==== EXCERPTED RECORDS

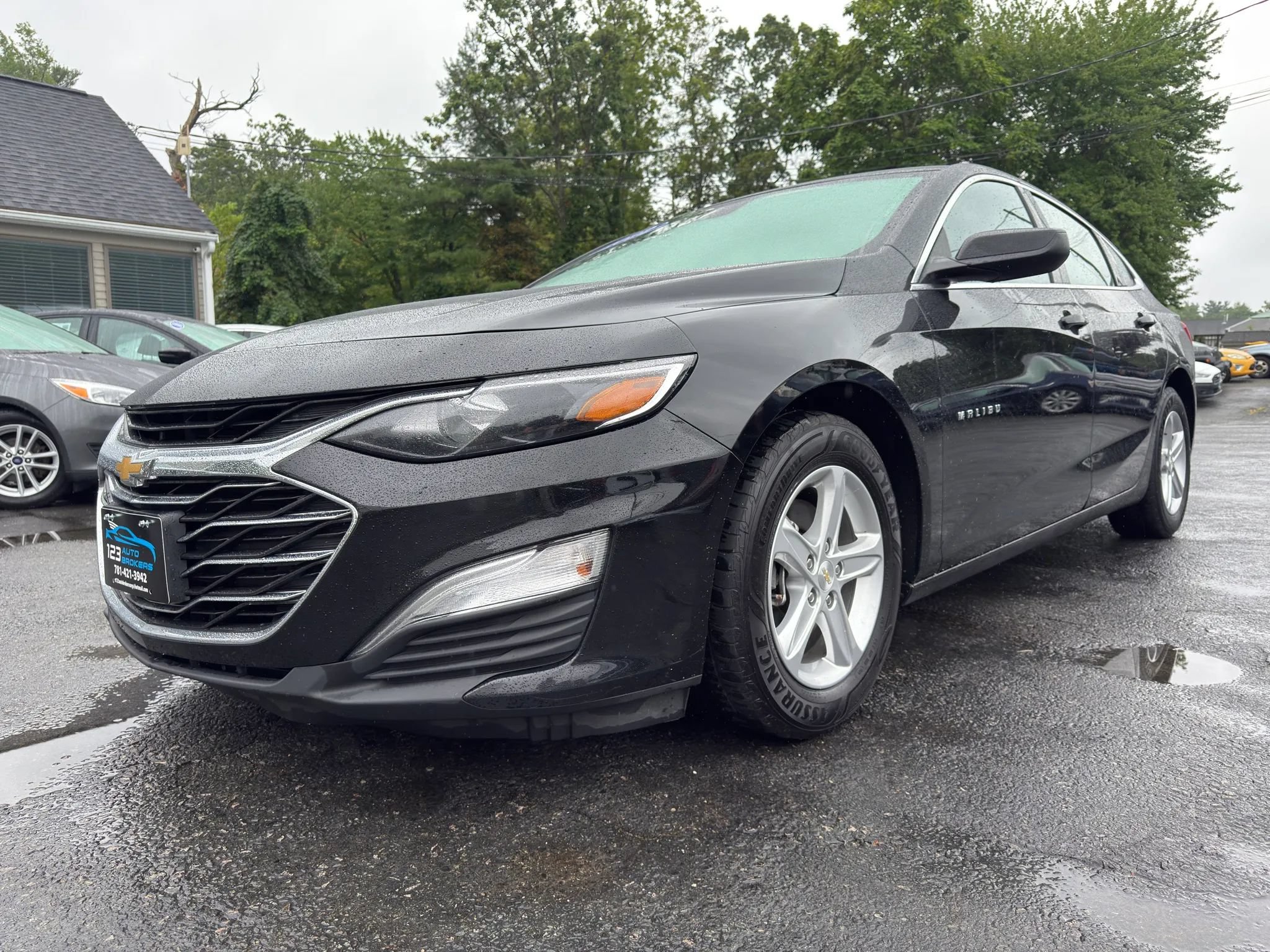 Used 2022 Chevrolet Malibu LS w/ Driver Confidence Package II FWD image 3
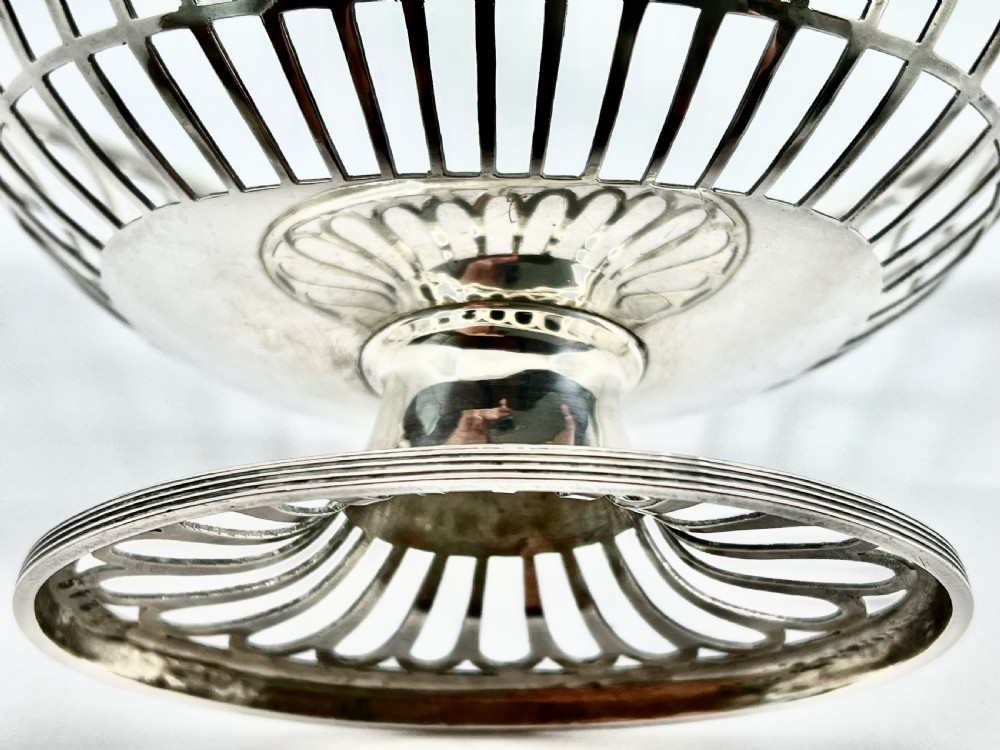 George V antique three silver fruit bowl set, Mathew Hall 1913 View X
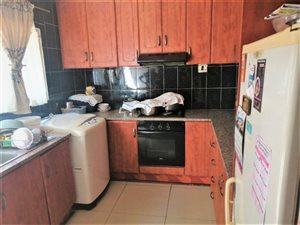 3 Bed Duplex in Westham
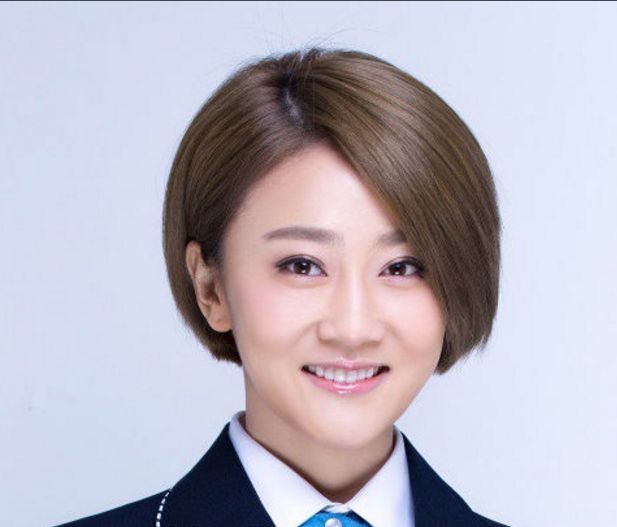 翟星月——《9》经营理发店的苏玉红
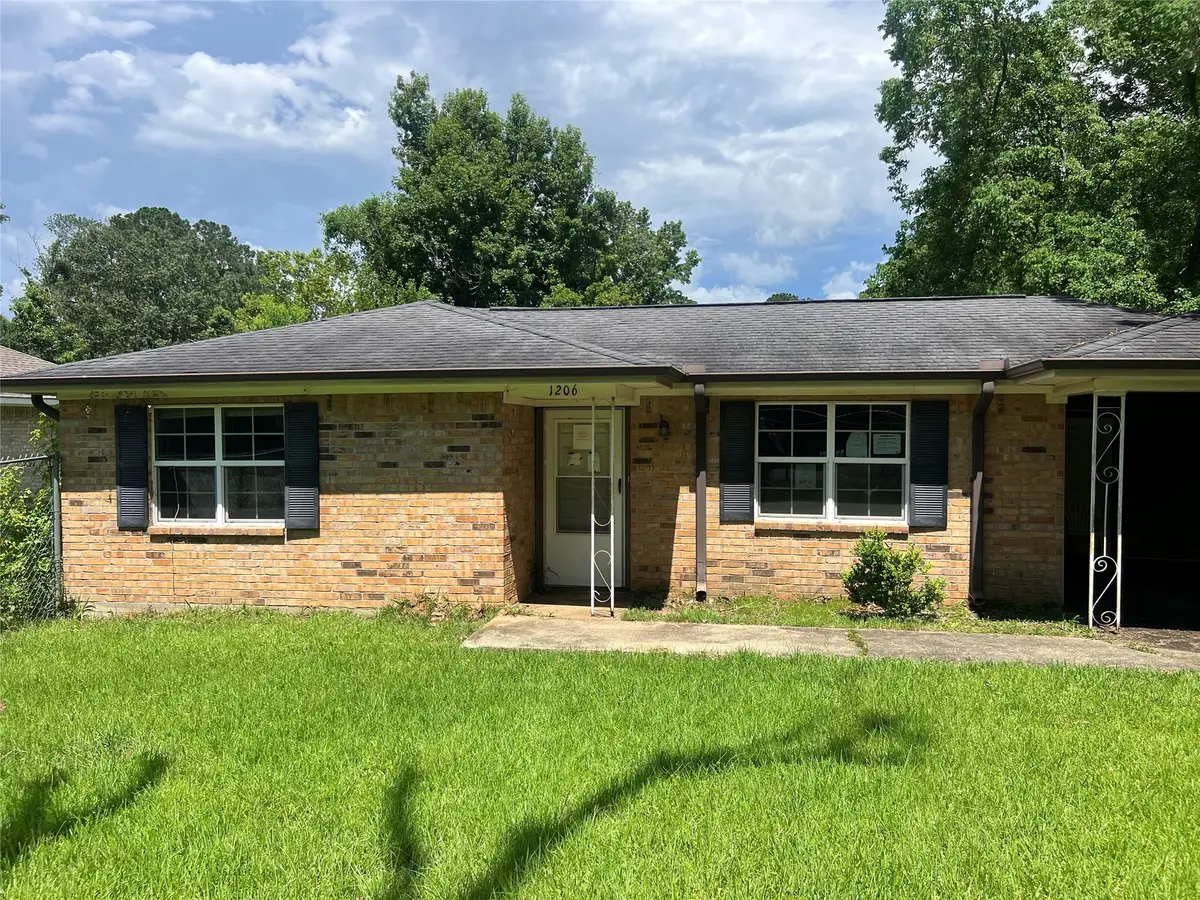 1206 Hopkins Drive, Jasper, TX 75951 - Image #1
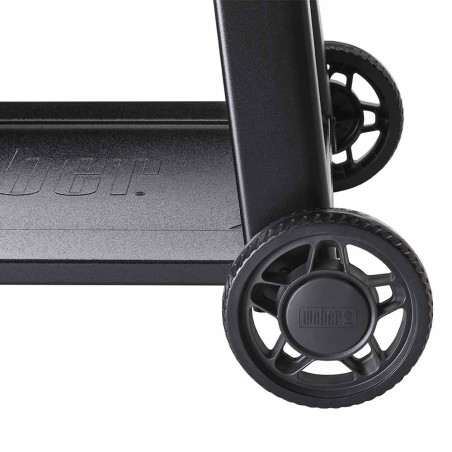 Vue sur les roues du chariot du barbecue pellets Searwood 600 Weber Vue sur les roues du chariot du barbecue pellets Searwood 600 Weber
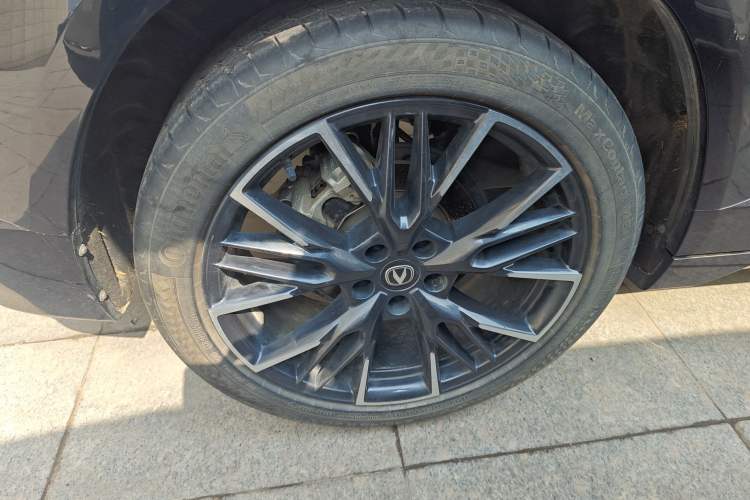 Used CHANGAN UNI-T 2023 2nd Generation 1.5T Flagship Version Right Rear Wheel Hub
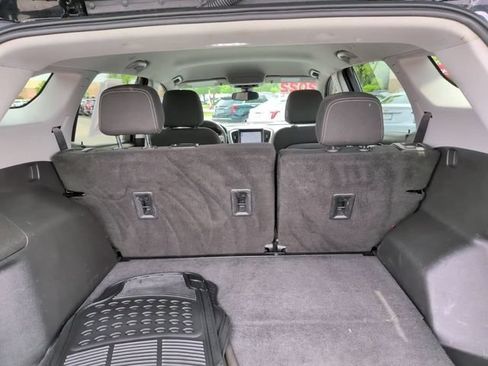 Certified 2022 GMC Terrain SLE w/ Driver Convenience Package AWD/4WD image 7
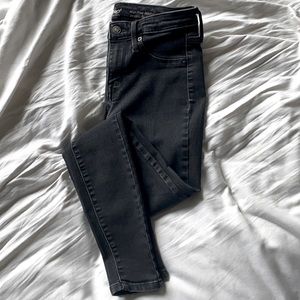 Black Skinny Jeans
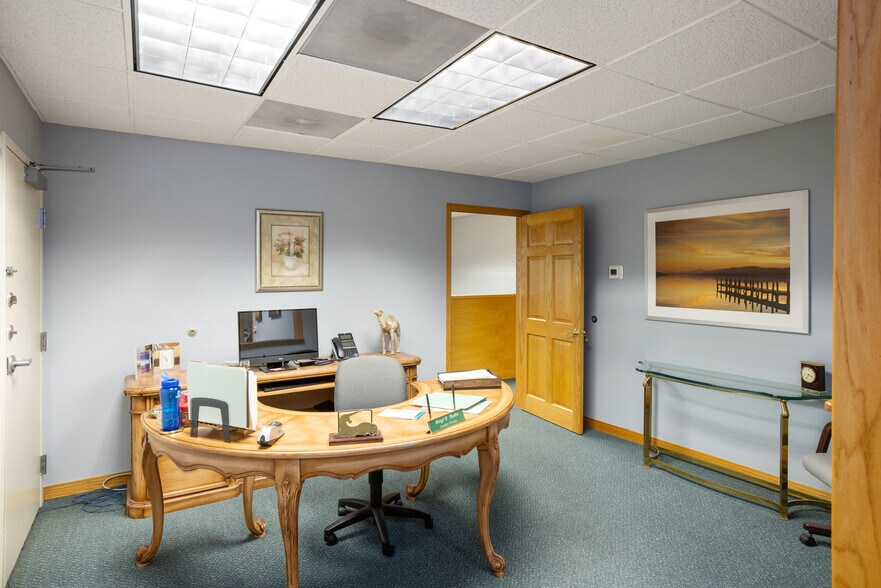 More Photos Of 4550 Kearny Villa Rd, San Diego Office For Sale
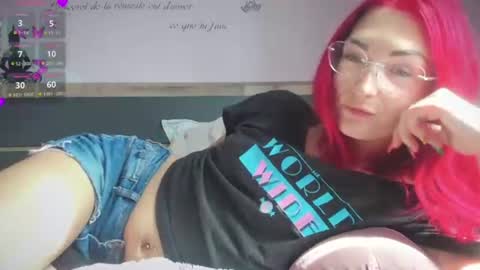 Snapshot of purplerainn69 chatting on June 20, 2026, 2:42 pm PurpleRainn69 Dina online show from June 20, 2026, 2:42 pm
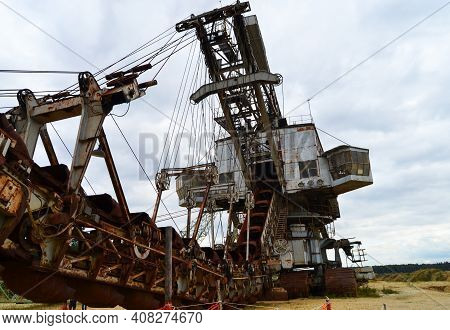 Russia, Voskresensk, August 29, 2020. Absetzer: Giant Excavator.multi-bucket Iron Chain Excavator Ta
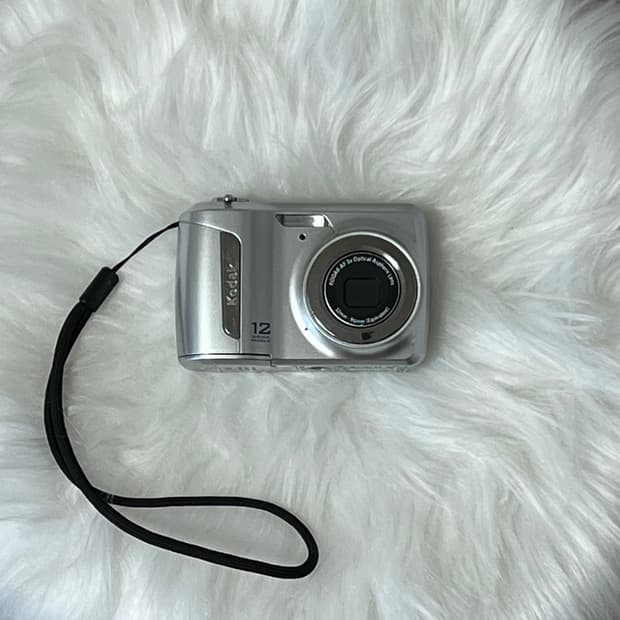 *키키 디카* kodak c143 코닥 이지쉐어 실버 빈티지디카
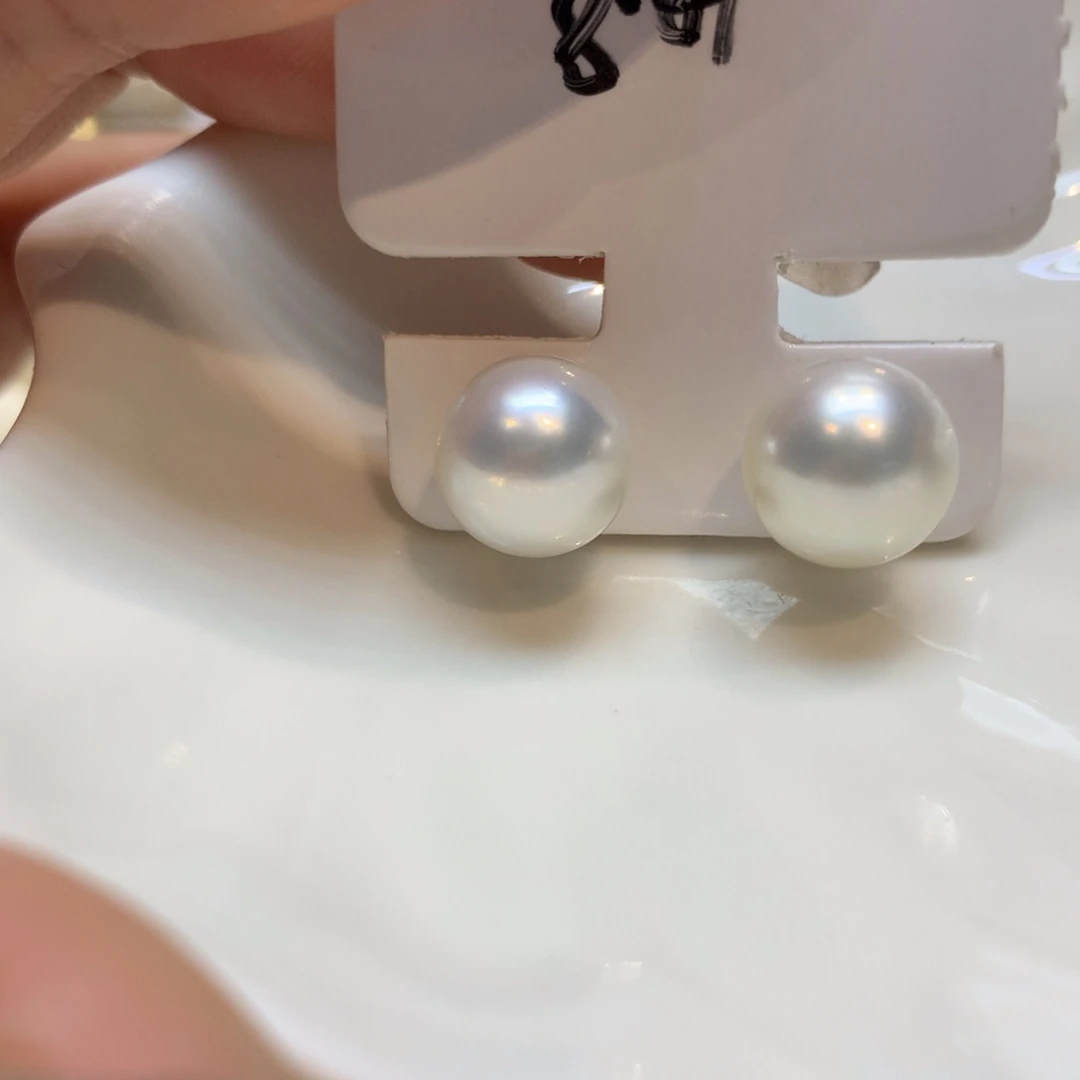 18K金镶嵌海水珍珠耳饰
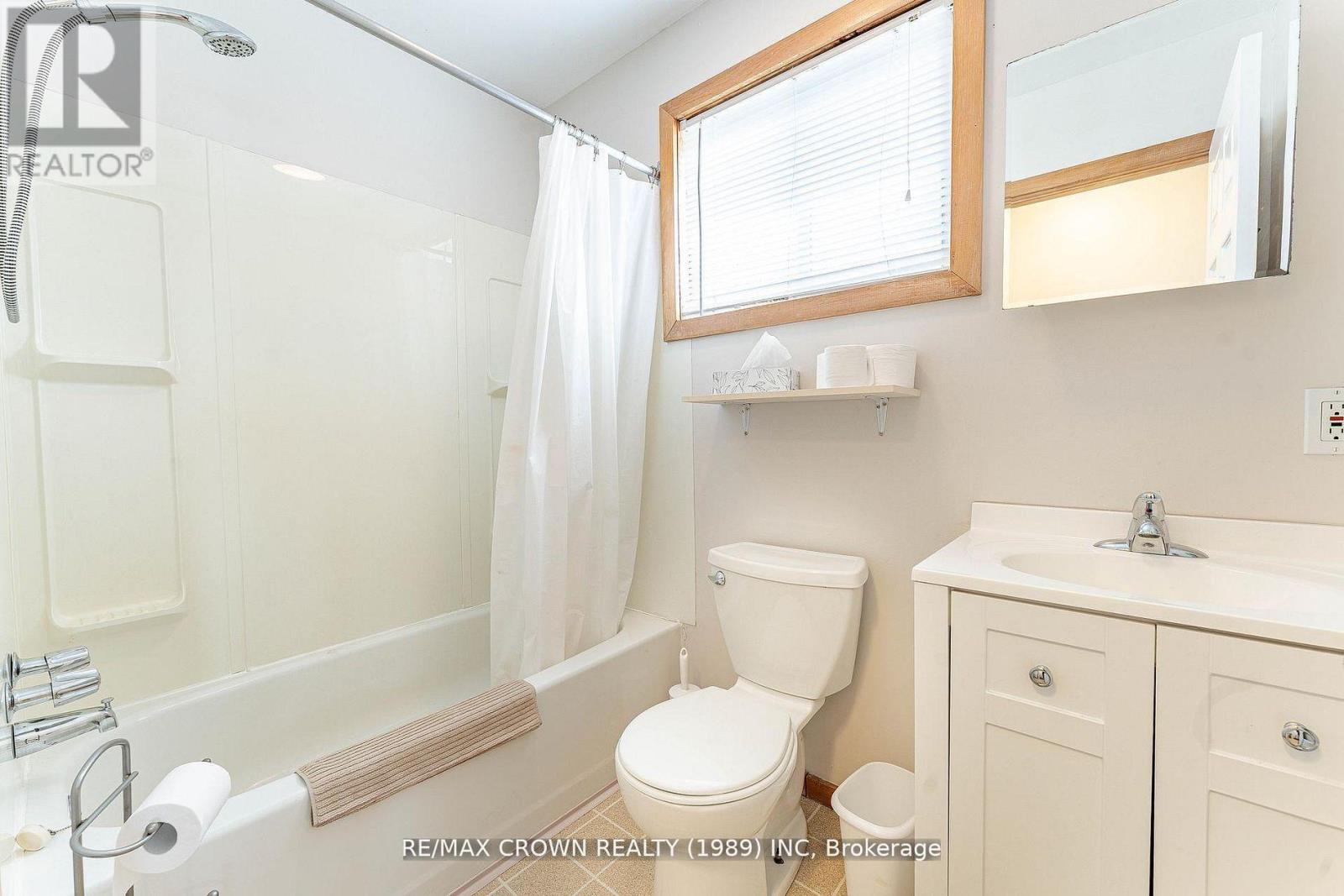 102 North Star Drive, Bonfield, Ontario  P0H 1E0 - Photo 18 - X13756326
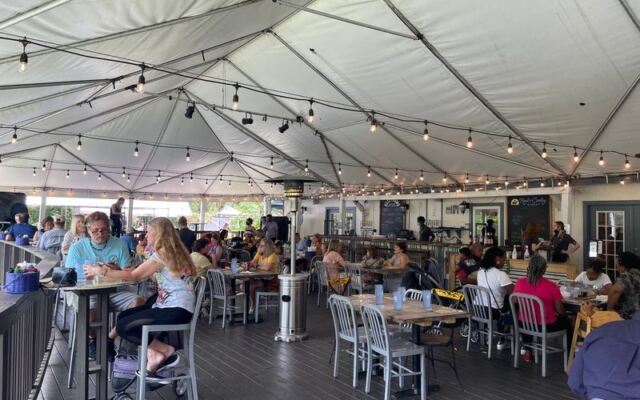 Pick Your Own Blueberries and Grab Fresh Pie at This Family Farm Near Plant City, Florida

========

▶ TO DO
Quote every entry exactly, with the pictures omitted.

▶ EXERCISE RESULT
 Used 2022 Chevrolet Malibu LS w/ Driver Confidence Package II FWD image 3
 George V antique three silver fruit bowl set, Mathew Hall 1913 View X
 3 Bed Duplex in Westham
 翟星月——《9》经营理发店的苏玉红
 1206 Hopkins Drive, Jasper, TX 75951 - Image #1
 Vue sur les roues du chariot du barbecue pellets Searwood 600 Weber Vue sur les roues du chariot du barbecue pellets Searwood 600 Weber
 Used CHANGAN UNI-T 2023 2nd Generation 1.5T Flagship Version Right Rear Wheel Hub
 Certified 2022 GMC Terrain SLE w/ Driver Convenience Package AWD/4WD image 7
 Black Skinny Jeans
 More Photos Of 4550 Kearny Villa Rd, San Diego Office For Sale
 Snapshot of purplerainn69 chatting on June 20, 2026, 2:42 pm PurpleRainn69 Dina online show from June 20, 2026, 2:42 pm
 Russia, Voskresensk, August 29, 2020. Absetzer: Giant Excavator.multi-bucket Iron Chain Excavator Ta
 *키키 디카* kodak c143 코닥 이지쉐어 실버 빈티지디카
 18K金镶嵌海水珍珠耳饰
 102 North Star Drive, Bonfield, Ontario  P0H 1E0 - Photo 18 - X13756326
 Pick Your Own Blueberries and Grab Fresh Pie at This Family Farm Near Plant City, Florida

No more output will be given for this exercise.